Surpreende por tudo isto (ou talvez não) o silêncio de chumbo de muitos dos subscritores do manifesto dos setenta.
2. Recentemente, por iniciativa dos deputados do PCP no Parlamento Europeu, foi promovida uma declaração escrita exortando as instituições da UE «a encetar e apoiar um processo de renegociação das dívidas públicas dos países mais endividados, reduzindo consideravelmente os respectivos níveis e encargos anuais, fazendo-os regressar a níveis sustentáveis e tornando, assim, o serviço da dívida compatível com o desenvolvimento económico e social». E propondo, ao mesmo tempo, «a convocação de uma conferência intergovernamental para debater a revogação do Tratado de Estabilidade Orçamental».
A referida declaração escrita lembra que o acentuado aumento da dívida pública em diversos estados-membros da UE não pode ser dissociado dos impactos assimétricos do processo de integração, incluindo o mercado interno, as políticas comuns e a União Económica e Monetária; nem das intervenções públicas destinadas a resolver os problemas dos bancos; nem tampouco dos ataques especulativos às dívidas soberanas, mormente as dos países periféricos.

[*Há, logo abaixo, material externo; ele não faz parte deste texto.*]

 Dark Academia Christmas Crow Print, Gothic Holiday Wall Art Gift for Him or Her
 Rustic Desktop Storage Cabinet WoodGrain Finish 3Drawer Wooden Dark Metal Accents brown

Nunca nos anos mais recentes, o problema da dívida ganhou tamanha visibilidade no Parlamento Europeu. Não se esperava, naturalmente, atendendo à composição do órgão, que a declaração promovida pelos deputados do PCP obtivesse uma adesão maioritária. Tampouco existiam quaisquer ilusões de que as instituições da UE se rendessem à justeza dos apelos. Mas, desta forma, forçou-se a discussão do tema, como antes não se havia feito, e impôs-se a inevitável separação de águas. A declaração proposta pelos deputados do PCP recolheu apoio de 75 deputados do Parlamento Europeu, de um total de 19 estados-membros, na sua maioria oriundos do Grupo Confederal da Esquerda Unitária Europeia/Esquerda Verde Nórdica, mas incluindo gente de praticamente todos os grupos políticos. De Portugal, ficaram a faltar as assinaturas dos deputados do PSD, do CDS mas também as do PS. Ora para quem, internamente, foi dizendo que o problema da dívida deveria ser abordado no plano da UE, esta ausência será, digamos, elucidativa.
3. Facto incontornável é que a dívida e o seu serviço continuam sendo um obstáculo maior ao desenvolvimento do País. Um obstáculo que tem de ser removido, com uma renegociação da dívida – nos seus prazos, juros e montantes. Mas este constrangimento está indissociavelmente ligado a outros grandes constrangimentos e a um em particular: à permanência no euro. Não apenas porque o brutal endividamento do país resultou, em grande medida, da adesão e permanência no euro. Mas porque, como a experiência grega bem demonstrou, no actual quadro, dentro do euro, não há reestruturações da dívida senão para satisfazer os interesses dos credores.